After five minutes, a man in his thirties catches up to me.  We talk about the scenery.  He says it is the best hike he’s ever been on.  I can understand the sentiment, but I think I need to ponder a top ten list a bit longer.  Time to move on.

The upper part of Mount Hood, where the mountaineering begins.  Much farther than it looks.

I give the man an nod and continue uphill toward Tie-In Rock, the last safe spot on the spur, where I see a man descening.  He hikes the last rocky, dusty pitch wearing a beanie and toting a camouflage backback.  I note its unusual frame and wonder if it is military issue.  We murmur greetings and pass.  Later in the week I will read about injured vets getting some deserved rest below at Cloud Cap Inn. (“Air Force Wounded Angels” on http://www.oregonlive.com).   Perhaps he is one of them.

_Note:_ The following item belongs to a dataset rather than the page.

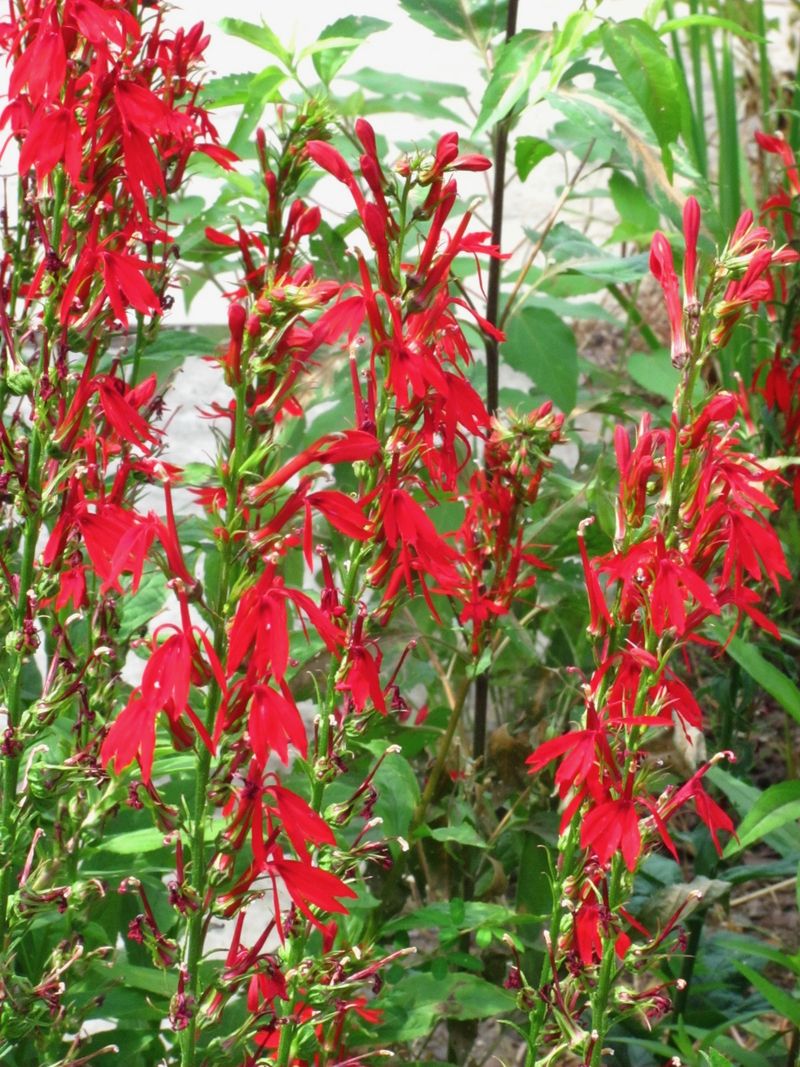 Native Plants Look Messy Or Unattractive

The view from Tie-In Rock is stupendous.  An obvious climbing route splits the rocks above with massive exposure. I am still over 2500 vertical feet below the summit.  More than a dozen people have died on the Cooper Spur route.  Nearby, more technical routes up Eliot Glacier looked tough, and the glacier’s lateral moraines amaze me.

Niko 1

One tired pup at our high point.

When Niko seems rested, we head down.  Descending, he is tentative on the rocks, and I must coax him a bit through the tricky sections.  Just below the first high point I pass two men and diverge from the trail to a long snow slope, where I will half ski, half plunge step on my boots.  One of the men jokes that he’d be on his backside quickly.  I literally leave them in the dust, heading straight for the Timberline Trail on the snow.  When I reach the trail, I look up and see I am at least a quarter mile ahead of the pair.  Bootskiing rules.

bootskiing

Less than graceful tracks, but they made for a quick descent.  Niko just likes the coolness.

The final descent becomes a grind.  Niko walks slowly but steadily.  I notice the man with the camo pack veering onto the Tilly Jane trail and wonder again about him, but I am tired and it is getting late.  Left right left.   I am very happy to reach the parking lot.

A Cooper Spur hike gains a healthy amount of elevation, and it’s not one to trifle with in poor weather, but it gets the hiker in a real alpine environment with relative ease.  If  you stop before the ridge crest, you still have great views and you can save an hour, making it much more moderate.

flowers

Alpine flowers along the way lend color to the landscape.

A few days later, an artist friend posts on Facebook about her trip up Cooper Spur.  Coincidence?  I think not.  This is a true Oregon classic, a perfect place for exercise and, perhaps, a place for wounded angels to recuperate.

About Josh Baker

"The world is big and I want to have a good look at it before it gets dark.” ― John Muir

Posted on August 1, 2012, in Alpine Hiking, General Hiking, Hiking with dogs, Outdoors and tagged , , , , . Bookmark the permalink. 5 Comments.

  1. Your photographs are just gorgeous! I’ve never seen such great pictures of the back side before. Why don’t you follow up on the wounded vets?……… gmb

  2. I love the third photo especially. Great composition!

  3. This is great stuff, Josh. Thanks for posting. How does one bootski?

    • Bootskiing is simply trying to slide over steep snow on your boots as if they are skis. The snow must be relatively firm. Sometimes you can actually slide for a good distance, but usually there are a lot of steps in there. Balance is a must. On Cooper Spur, there were a lot of stops and starts, but it was fun to try to slide.